1 September 2011
As you undoubtedly know, I’ve been compiling lists of new words for each year of the past century. But novelist Mary Robinette Kowal has done something similar for words from 1815. She’s writing a period novel and wants to keep it free of linguistic anachronisms. Kowal describes her process:
I decided to create a Jane Austen word list, from the complete works of Jane Austen, and use that as my spellcheck dictionary. It flagged any word that she didn’t use, which allowed me to look it up to see if it existed. Sometimes the word did, but meant something different. [...] Once the word was flagged, I looked it up in the OED to double-check the meaning and the earliest citation. If the word didn’t work, then I used the OED’s historical thesaurus to find a period appropriate synonym. If that wasn’t yielding good results, I would also, sometimes, search in the complete works of Jane Austen to see how she referred to similar subjects.
In a few cases, she decided to keep anachronistic words for artistic or style reasons.

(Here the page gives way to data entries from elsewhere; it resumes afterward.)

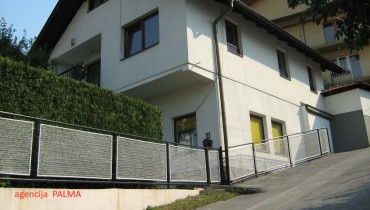 Kuća sa garažom i baštom N.sarajevo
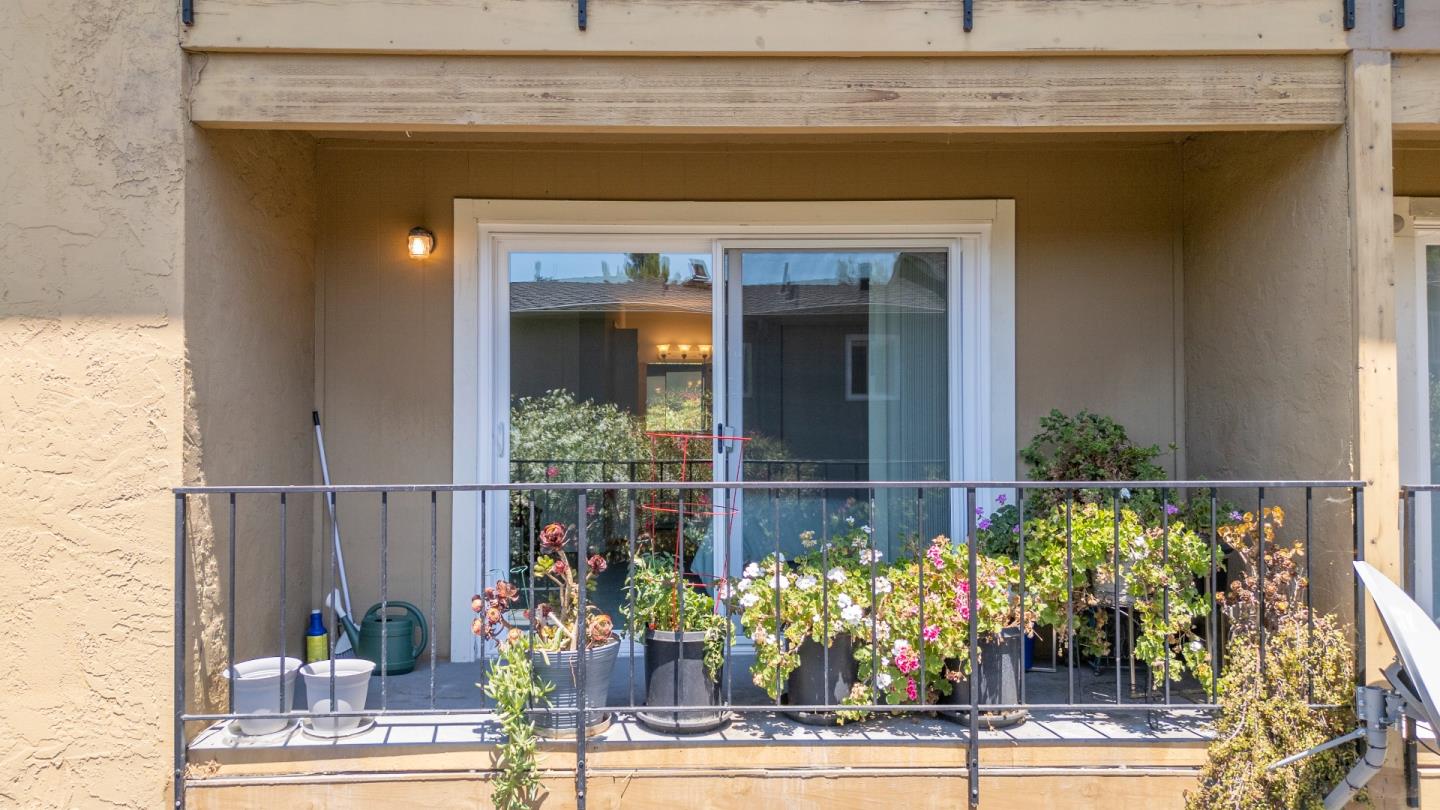 Detail Gallery Image 20 of 57 For 420 Alberto Way #52,  Los Gatos,  CA 95032 - 2 Beds | 2/1 Baths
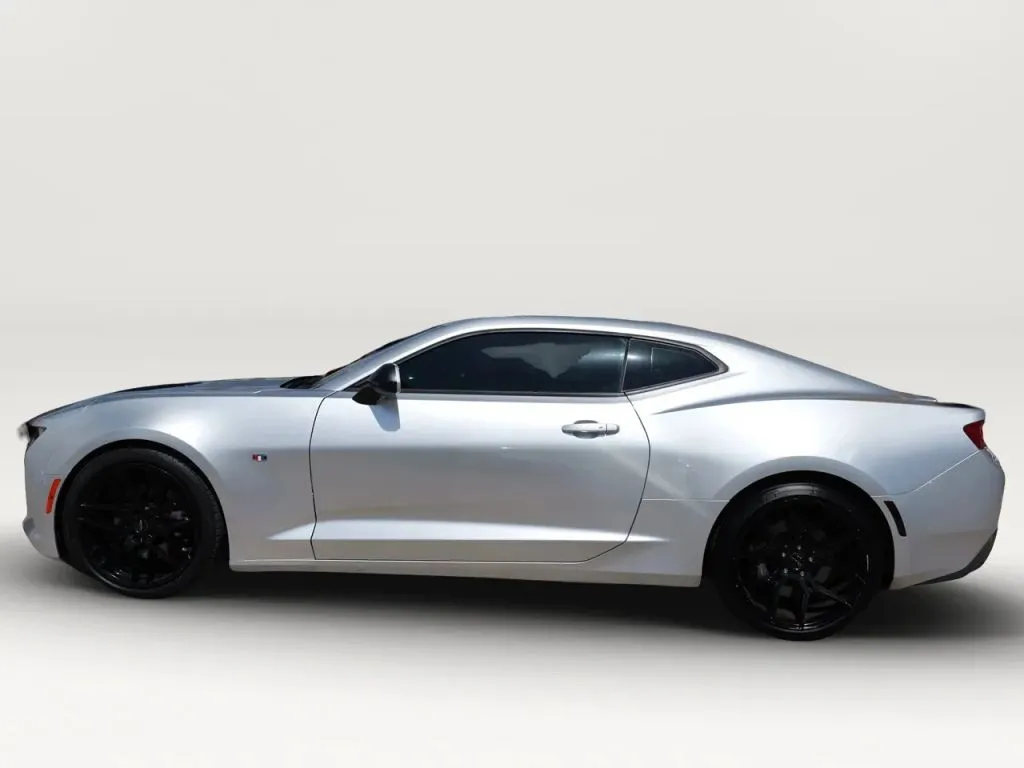 Chevrolet Camaro photo 2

Kowal’s method is an excellent one. It is not doctrinaire, she makes exceptions where it is sensible to do so. She recognizes that words change in meaning. Presumably she shows some flexibility in the date, so a word that appears in the OED from 1817 is probably okay for use in an 1815 setting. Of course, her method will not flag a word that Austen used but has changed in meaning, so it’s not fail-safe. But no single method for eliminating anachronisms is going to be perfect. This is smart use of a dictionary.
Kowal’s blog post contains a list of words she pulled from her latest novel because they were anachronistic, and it contains a link to her Jane Austen word list. They are both well worth a peek.